The bookmakers were right. Today it was announced that the Church of Sweden’s new archbishop is Antje Jackelén. But who is the church’s new top leader, who has chosen part of the Muslim prayer call as her motto?
Jackelén’s position carries a heavy responsibility. On its website the Church of Sweden reports that is has approximately 6.5 million members and that the organization is divided into 13 dioceses. Every diocese is led by a bishop and above the bishops is the archbishop.
Jackelén’s victory has been characterized as historic. For the first time in the church’s history the archbishop will be a woman. Powerful lobbying groups within the church have long agued that the new archbishop must be a woman so Jackelén’s sex has been an advantage. Critics have maintained that the scene was prepared for the bishop of Lund from the beginning.
Antje Jackelén won a resounding victory with her 174 votes in the first round. Despite the fact that the election was for the top leader of the church, as a person Jackelén has not been subjected to a vetting process worth its name. Her supporters have emphasized her academic credentials. She is claimed to be a professor of theology – but not according to Swedish standards.

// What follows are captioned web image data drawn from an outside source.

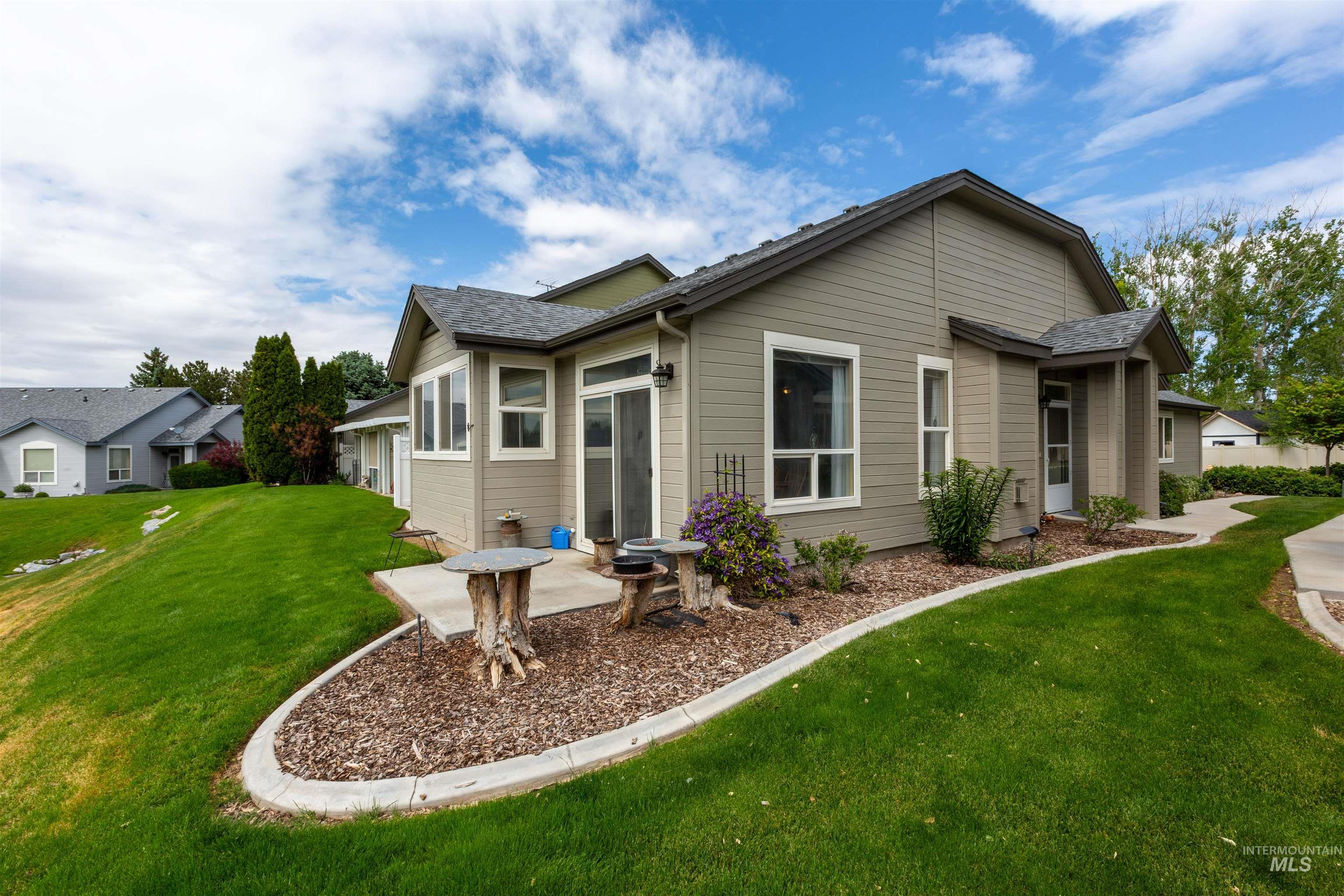 2313 River Oaks Ct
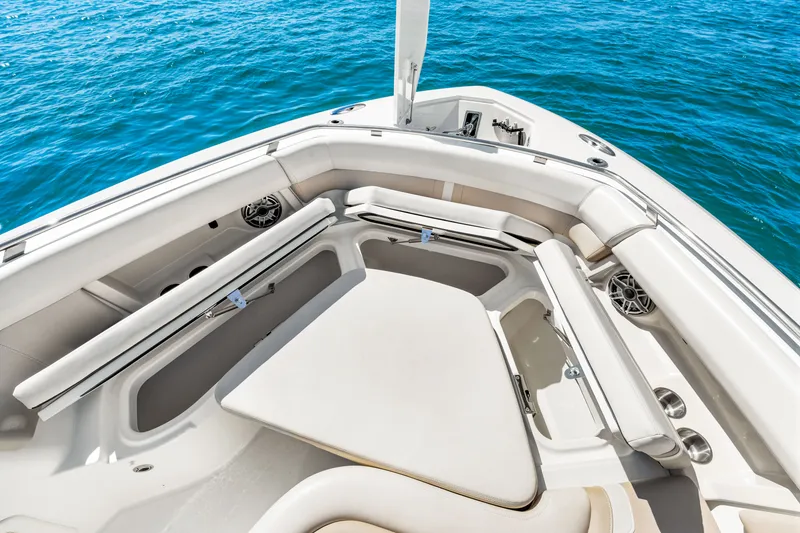 Slide: The Image of Boston Whaler 380 REALM 2023 - 11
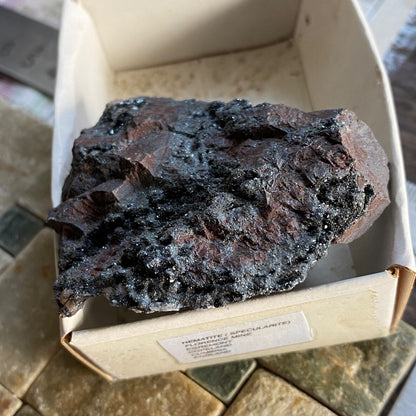 HÉMATITE [SPÉCULARITE] DE LA MINE DE FLORENCE, CUMBRIA. 130g 789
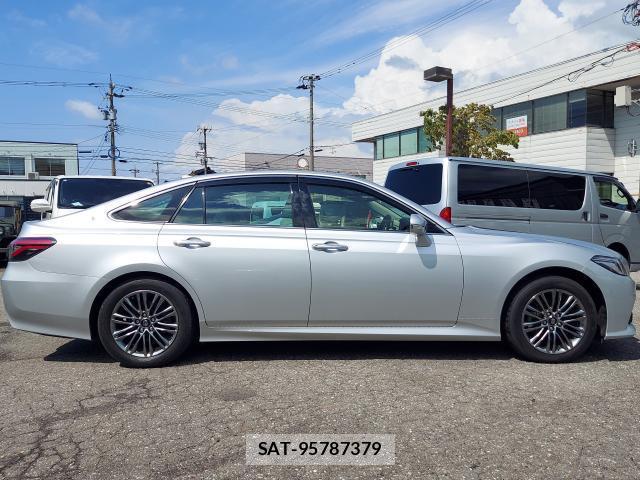 Toyota CROWN HYBRID 2021-07 8363195-3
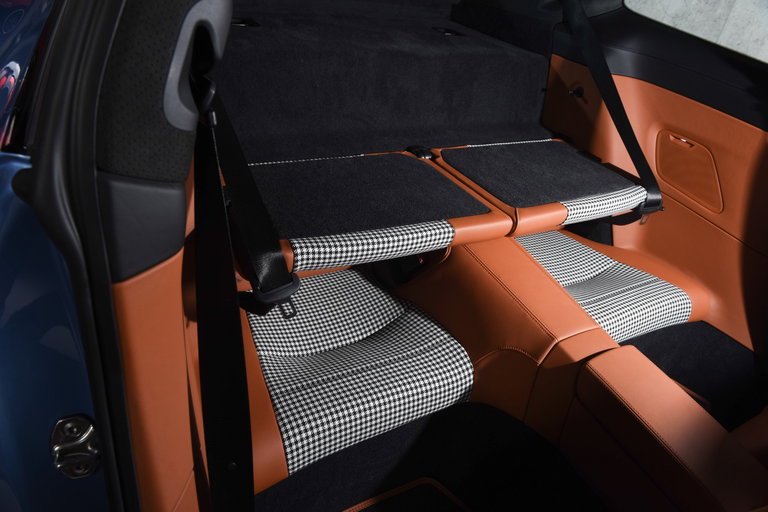 Porsche 992 Sport Classic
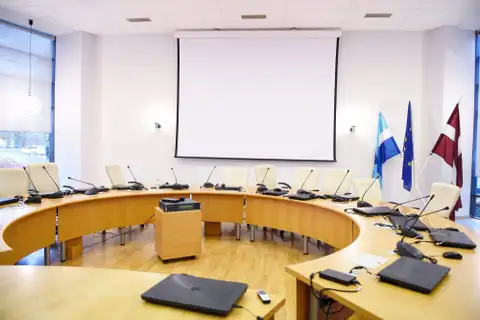 VARAM: Jūrmalas domes deputātu algu paaugstinājums ir likumīgs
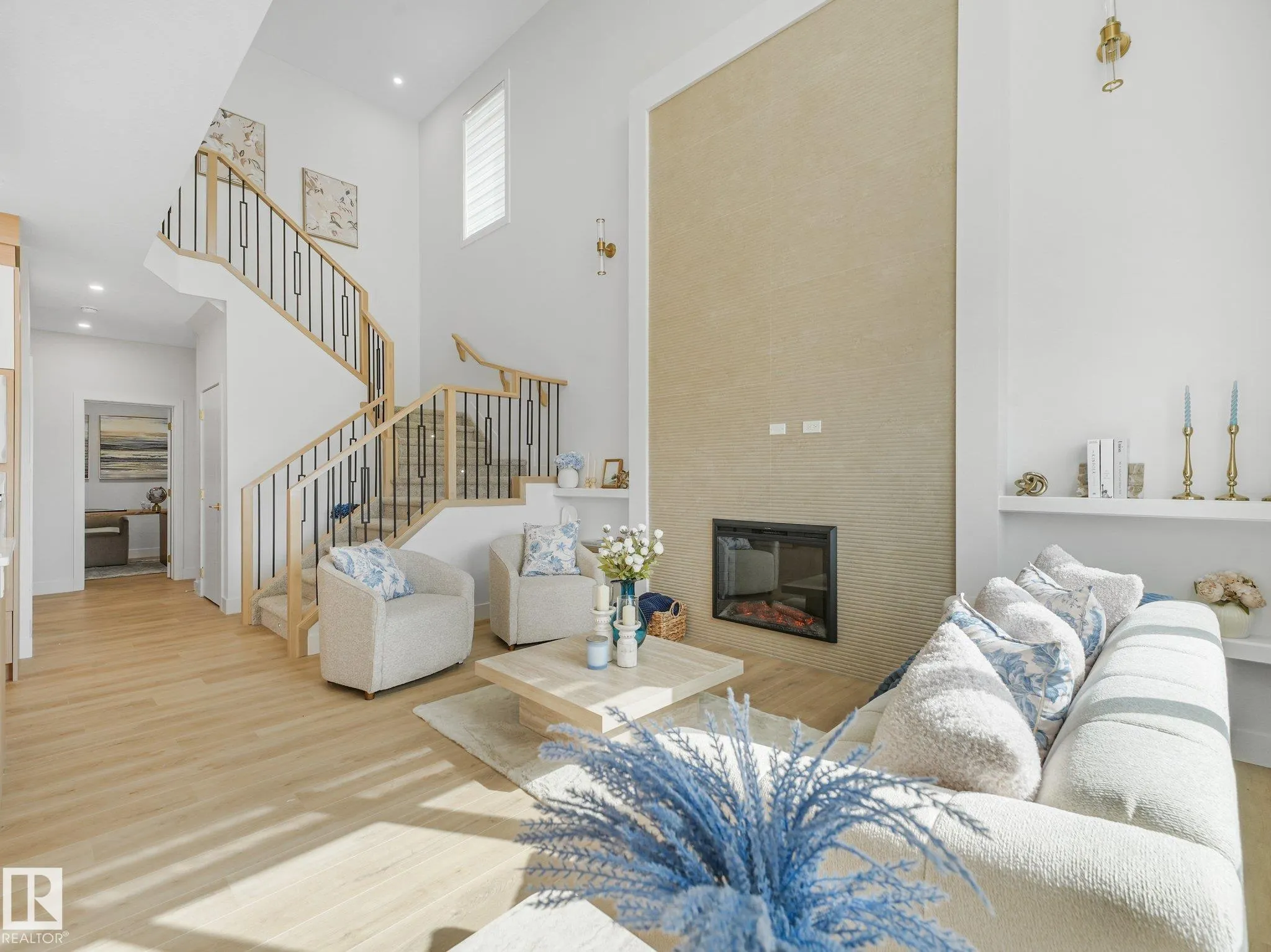 102 Ravenshire Wynd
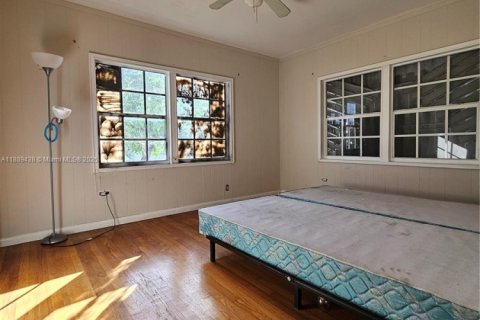 Villa ou maison à vendre à Miami, Floride: 4 chambres, 165.92 m2 № 1941496 - photo 16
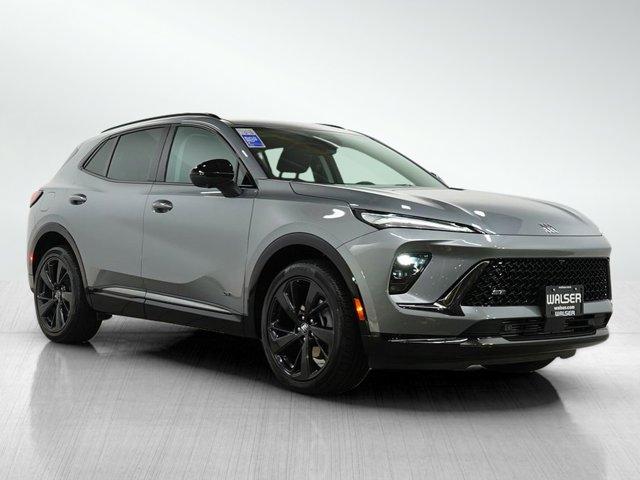 used 2025 Buick Envision car, priced at $27,299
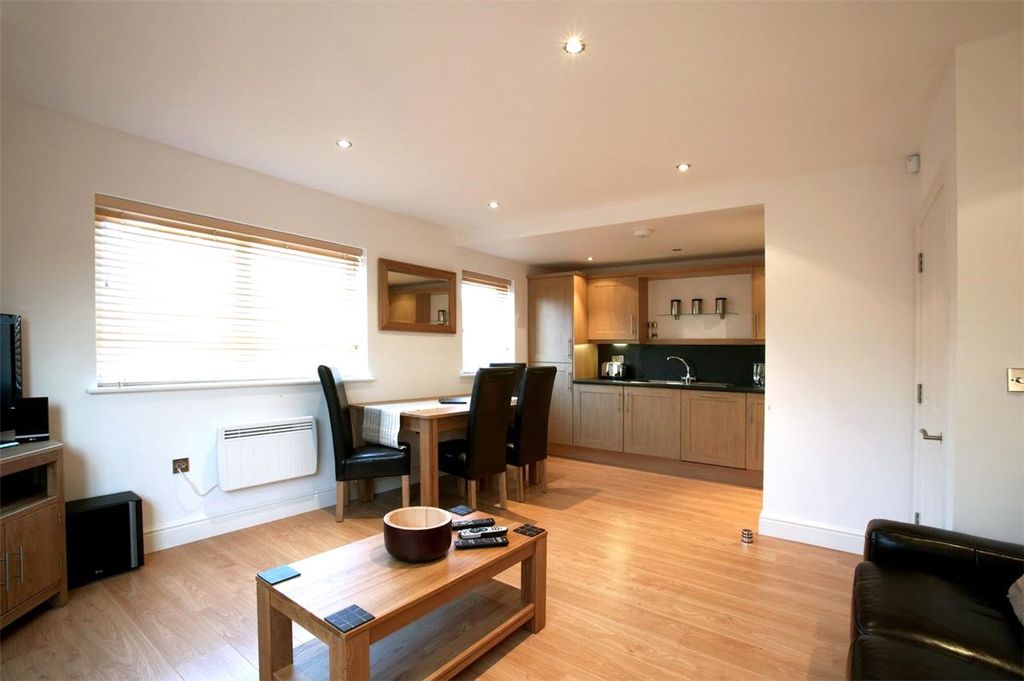 Property photo 2 of 7 Picture No. 08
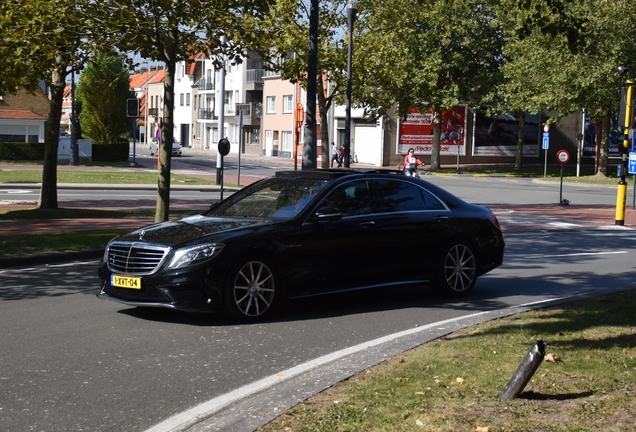 Mercedes-Benz S 63 AMG V222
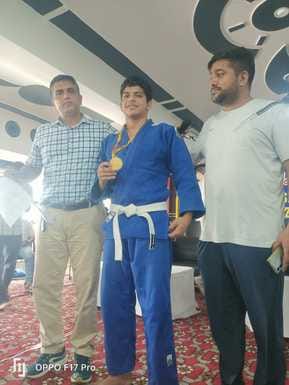 04 कैथल। सीबीएसई खेलों में अव्वल रहे आरकेएसडी पब्लिक स्कूल के खिलाड़ी। स्कूल 04 कैथल। सीबीएसई खेलों में अव्वल रहे आरकेएसडी पब्लिक स्कूल के खिलाड़ी। स्कूल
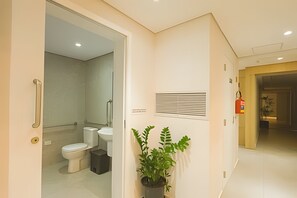 Basic Apartment | Bathroom - Haddock 2 (São Paulo)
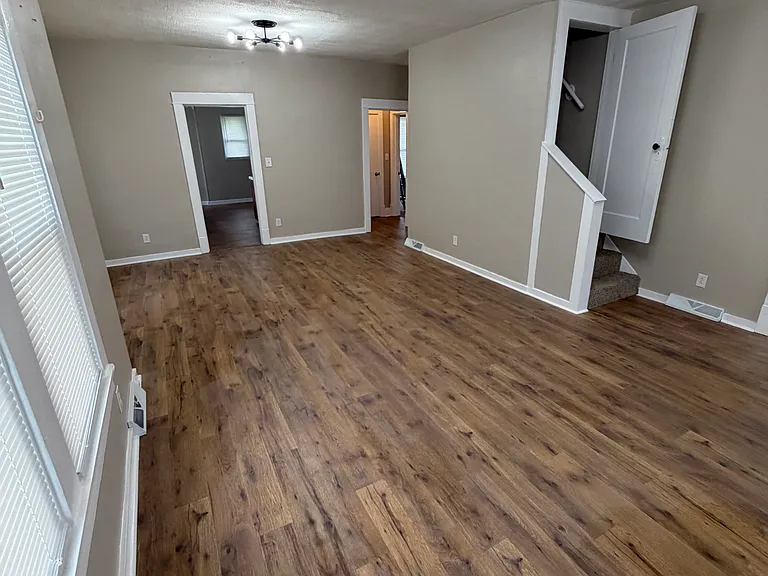 2715 Edwards St — Photo 3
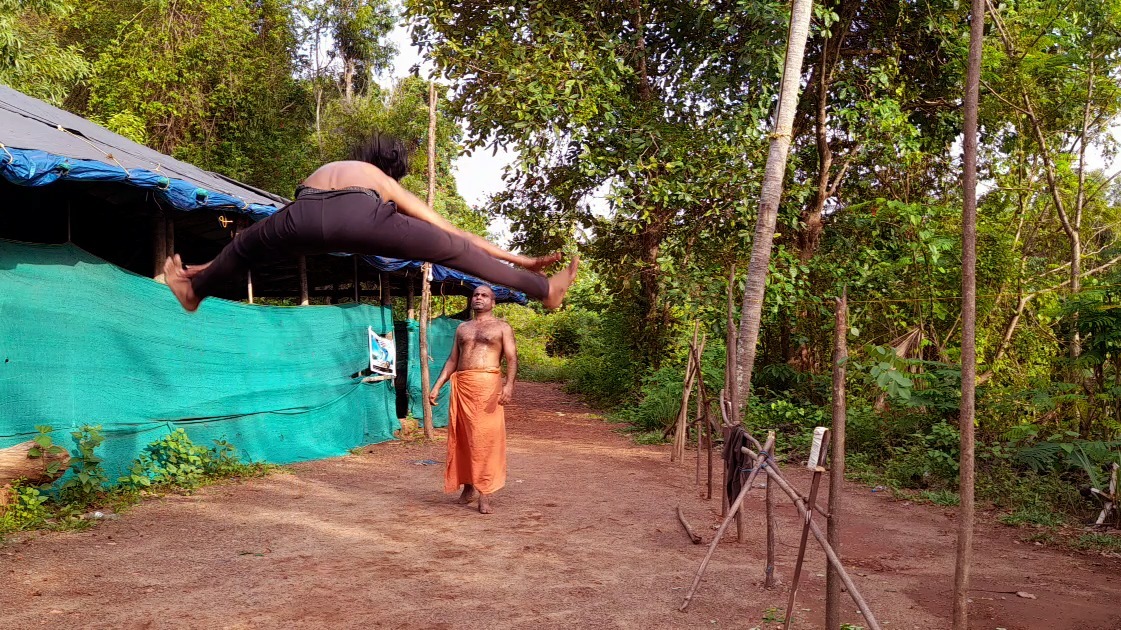 Gurukkal Mukkuswamy weapons conditioning
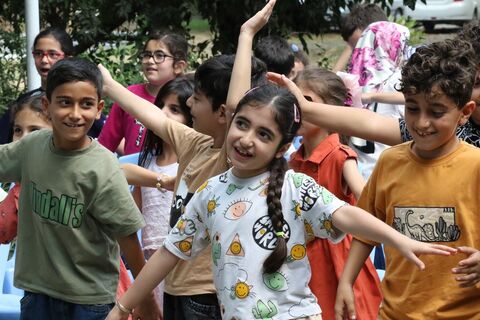 دوازدهمین اجرای تماشاخانه سیار کانون پرورش فکری کودکان و نوجوانان در روستای مرزون آباد بابل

Antje Zöllner was born in Herdecke, Germany, in 1955 and came to Sweden on a scholarship in 1978. One year later she married Heinz Jackelén, who is also German born. She was ordained in 1980 by the bishop of Stockholm, Lars Carlzon, who in addition to his job as bishop was president of the Friendship Association Sweden-DDR [the Communist German Democratic Republic].
In 2007 Antje Jackelén was elected bishop of the diocese of Lund after leaving her position at the Lutheran School of Theology in Chicago, where she had taught systematic theology/religion and natural science. Before that she had been a parish priest in dioceses of Stockholm and Lund.
Like kings, all bishops have their own motto and Jackelén chose ”God is greater”. If that sounds familiar, it may be due to the fact that an Arabic translation renders it as ”Allahu akbar”. There are those who believe that her choice is far from random – but very deliberate.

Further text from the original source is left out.